Write every line below out again exactly, images omitted.

▸ **SUPPLIED INFORMATION**:
^^^^^^^^^^^^^^^^

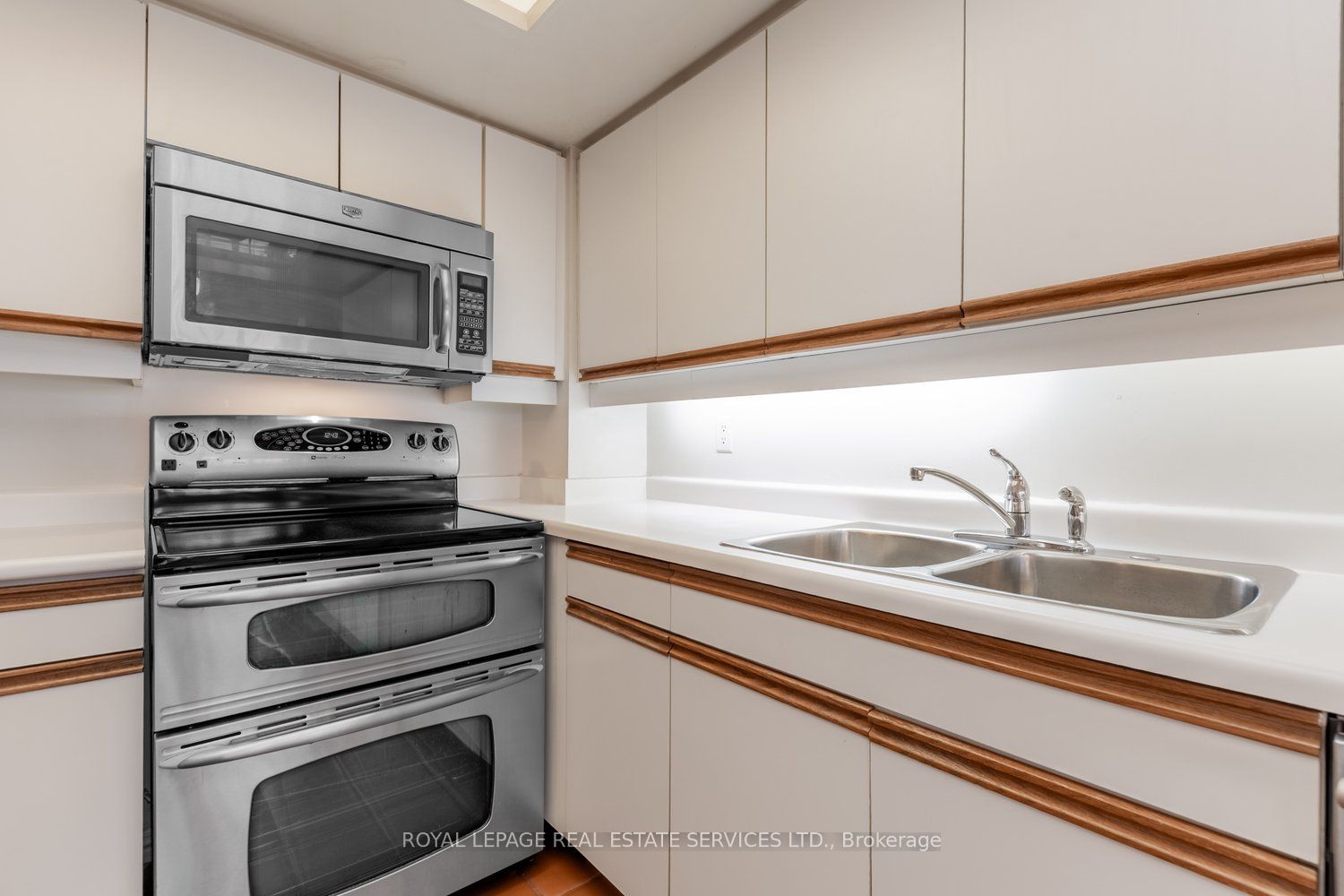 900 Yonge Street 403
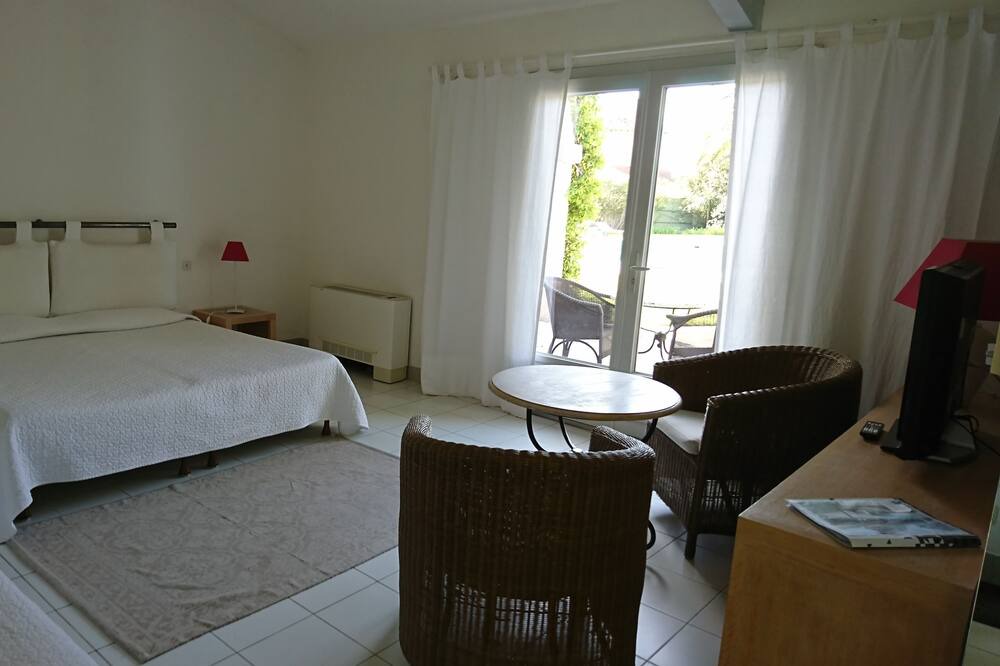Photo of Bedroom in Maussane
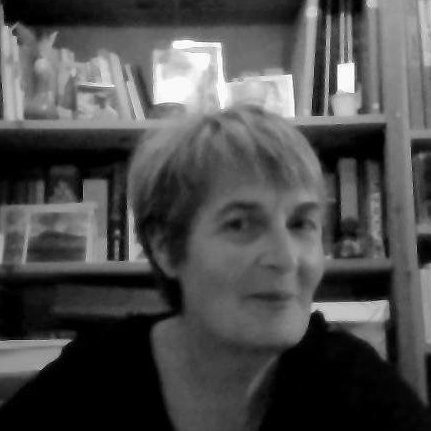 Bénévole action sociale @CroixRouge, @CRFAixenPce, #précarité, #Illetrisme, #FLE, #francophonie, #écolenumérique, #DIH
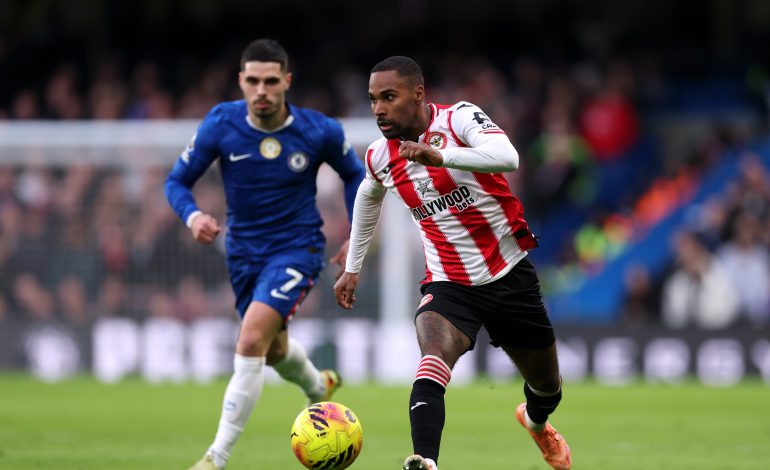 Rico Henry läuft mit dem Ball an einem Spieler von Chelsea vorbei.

^^^^^^^^^^^^^^^^

▸ **REPLY**:
 900 Yonge Street 403
Photo of Bedroom in Maussane
 Bénévole action sociale @CroixRouge, @CRFAixenPce, #précarité, #Illetrisme, #FLE, #francophonie, #écolenumérique, #DIH
 Rico Henry läuft mit dem Ball an einem Spieler von Chelsea vorbei.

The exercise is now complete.